Sunday, January 12, 2014

Regrouping

Somehow this year I feel like I'm back at the starting gate. I wouldn't go so far to say last year was a complete waste, but it definitely wasn't a banner year for me in terms of training. And as the year went on, it seemed to be a downward spiral of illness coupled with lack of training.

I have always prided myself in rarely getting sick, despite my constant contact with runny noses at school, and most years, I get one or two mild colds that only last a few days. In part, I chalked that up to a strong immune system due to being fit and healthy. But in 2013, I seemed to get one cold after another, each one bad enough to interfere with my running.  When my training suffered, I became less fit, and subsequently my immune system weakened, making me more likely to catch the next bug that comes along. So what came first? The lack of fitness or the illness?  I don't know, but it's a vicious cycle, one that I need to break. Now.

I am trying hard to get back on track this year.  I'm trying to build up slowly because I've learned over the years that bumping up my miles too quickly only causes trouble and injury.  So I will start slowly and try hard not to get injured.

I also have a plan for illness. I catch another cold before I can get fit and rebuild my immune system, my plan is to continue to exercise in a gentle way, rather than stop completely. I will walk instead of run and I will do yoga instead of lift weights at the gym. That makes sense to me.

This past week, January 6, was my New Year.  I started back to work on Monday and all week I ate healthy (essentially no sugar or grains, and maximum 1400-1500 calories per day), and I did some form of exercise almost every day. Now, before you suggest I need to eat more calories, or that I should/should not be eating grain products or meat or ?? , please remember that as Chris Russell says, we are all an experiment of one. I have tried all of the diets and this is what I know what works for me.
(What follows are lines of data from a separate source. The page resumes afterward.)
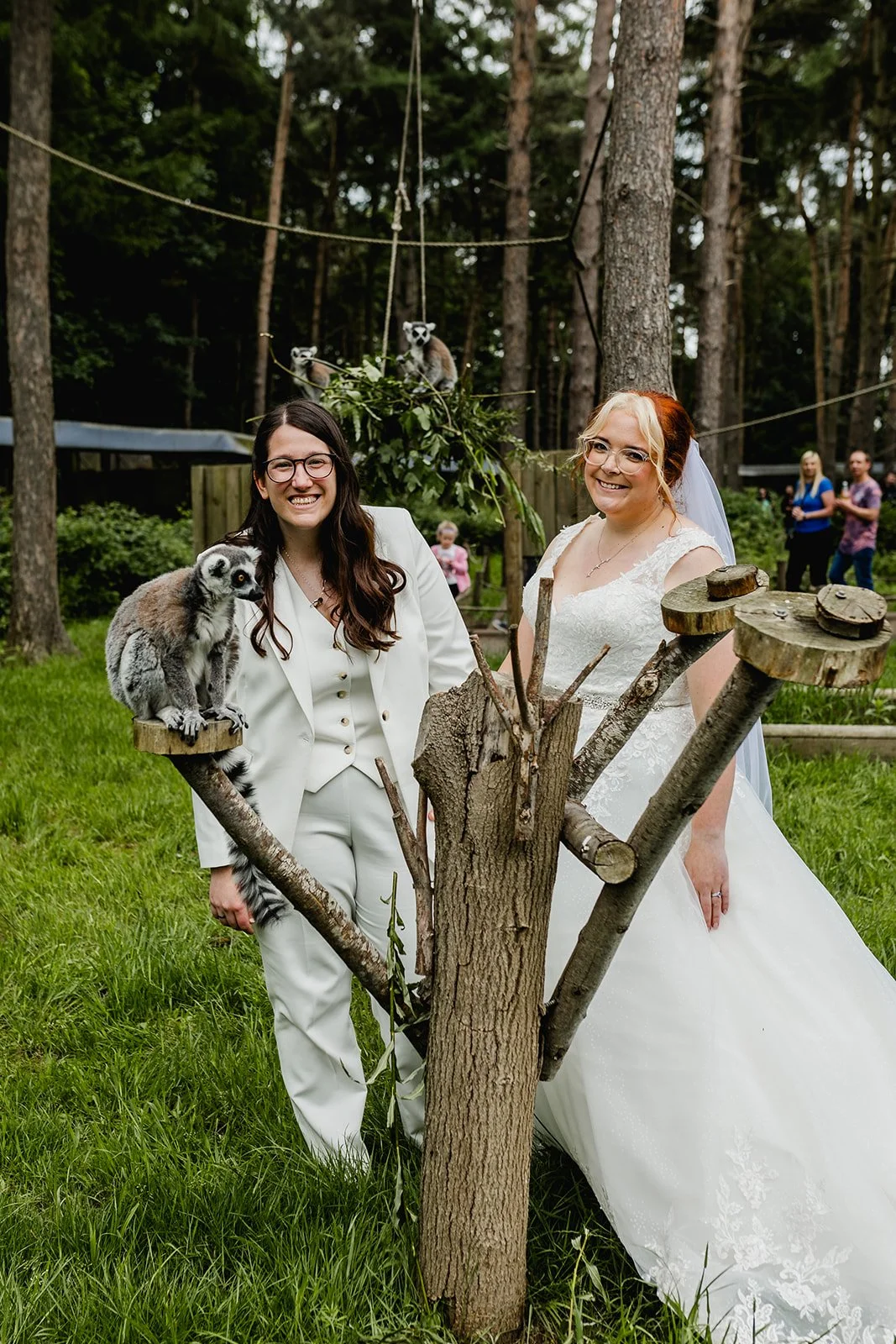 Two women, one in a white wedding dress and the other in a white suit, stand outdoors in a wooded area, smiling at the camera. They are surrounded by trees and grass, with a wooden structure and other people in the background. A lemur perches on a wo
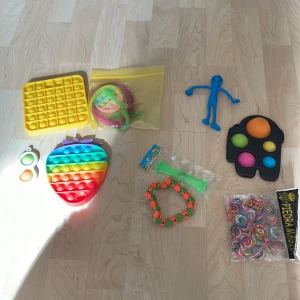 Fidget pop it-leksaker i olika former och färger - Säljer flera fidget pop it-leksaker, bland annat en svart pop it i form av en spelkontroll med färgglada bubblor och en regnbågsfärgad pop it i form av en jordgubbe. För det mesta helt förutom among us gubben som är lite trasig. Säljes i ett paket med allt för 40kr eller om man vill buda på något enskilt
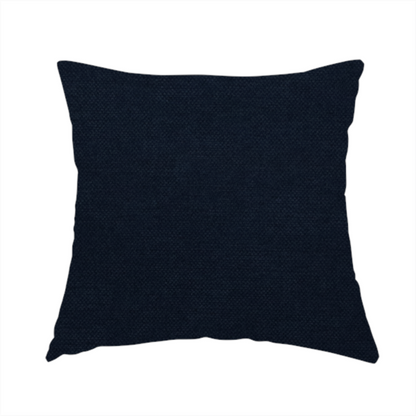The fabric used to create this handmade  cushion is a finely textured, tight weave in a deep navy or midnight blue shade. The material features a subtle, uniform micro-textured look with very dark neutral undertones throughout.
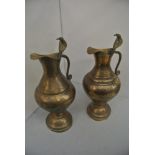COLLECTABLES - A pair of Indian brass jugs with co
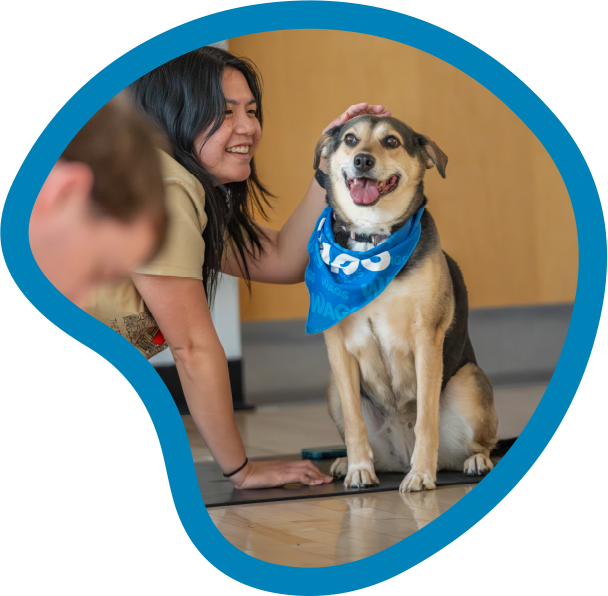 student petting a dog in yoga class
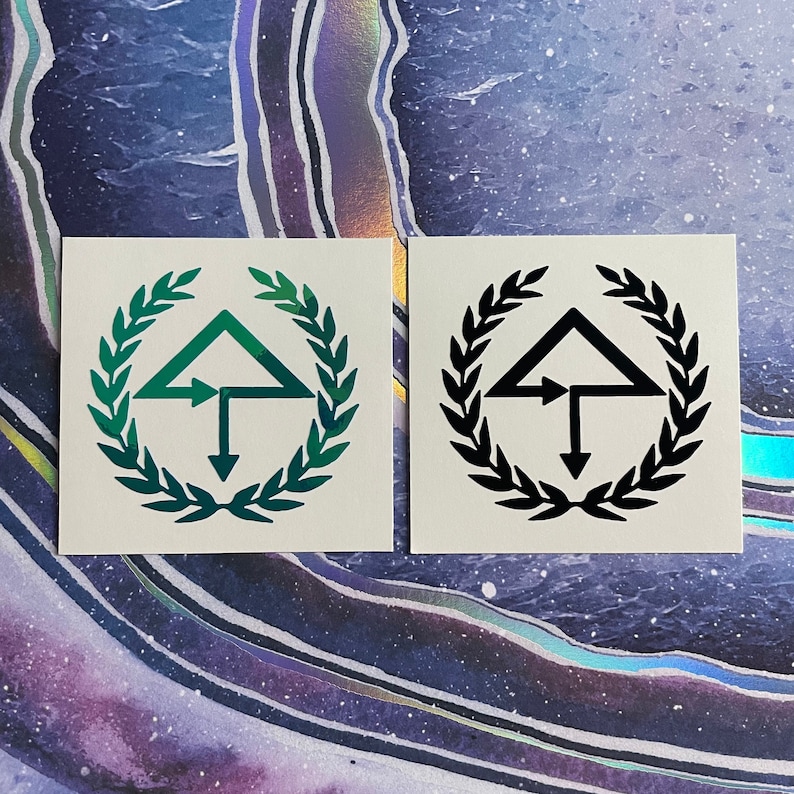 May include: Two square stickers with a black and green design. The design features a triangle with an arrow pointing to the right, a vertical line, and an arrow pointing down. The design is surrounded by a wreath of leaves.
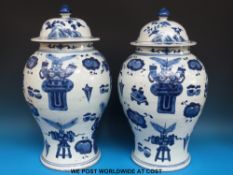 A pair of large Chinese blue and white jars decorated in the 100 Antiques pattern (47cm tall)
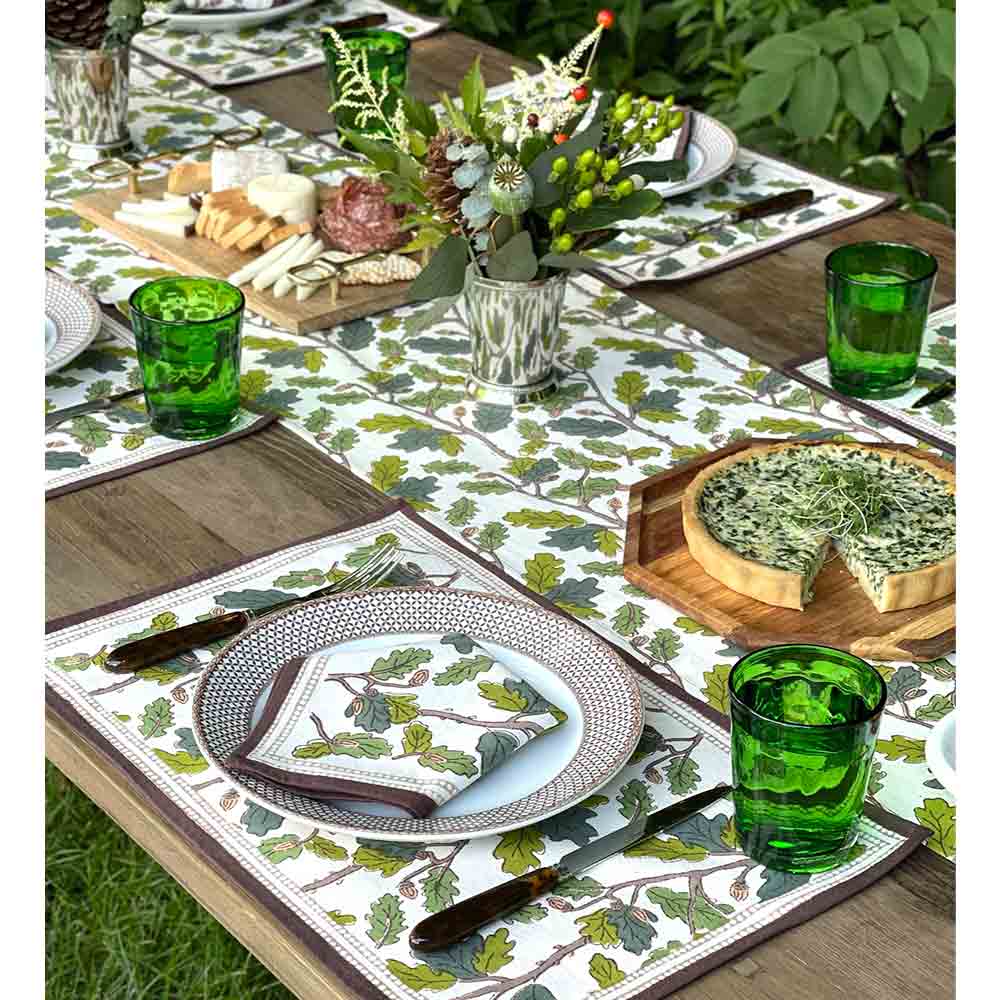 Placemats on dinner table with matching napkins and table runner.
My running is slowly coming along. I'm doing a run/walk right now - usually 4 min run, 1 min walk - and it is allowing me to get back to three runs a week fairly quickly. However, as usual, the tendon over my right ankle is always the first niggle to flare up so I have been careful to ease back whenever it starts to hurt.  Despite lots of physio work and advice, it continues to be an issue and I've just learn to live with it and manage it. I've run 3 times a week for 2 weeks now, but on Friday, I went out for a short easy run and after 2km it was hurting enough that I decided to cut my losses and stop the run so that it would be rested enough for a more important run this weekend.  I am on my way out right now and am hoping that it doesn't bother me during what I hope is my "long" run of 8km.  We shall see.

So that's where I am right now.  Back on track with healthy eating (and with 15 lbs to lose, I am very motivated) and back on track with regular gentle exercise. It'll happen.

Training in last 2 1/2 weeks

Dec. 27 - weights, 3km walk in 30 min on treadmill
Dec. 28 - 5.5 km walk 1 hour (outside)
Dec. 29 - 5.2 km run in 36 min (long run)

Dec. 30 - weights
Dec. 31 - 1 hour snowshoeing, 4km
Jan. 1 - core work
Jan. 2 - 5 km run in 36 min
Jan. 3 - weights
Jan. 4 - off
Jan. 5 - 6.4 km run in 45 min (long run)

Jan. 6 - weights
Jan. 7 - off
Jan. 8 - 5 km run in 39 min
Jan. 9 - weights
Jan. 10 - 16 min run (sore ankle)
Jan. 11 - off
Jan. 12 - 8.4 km run in 1:03 (long run)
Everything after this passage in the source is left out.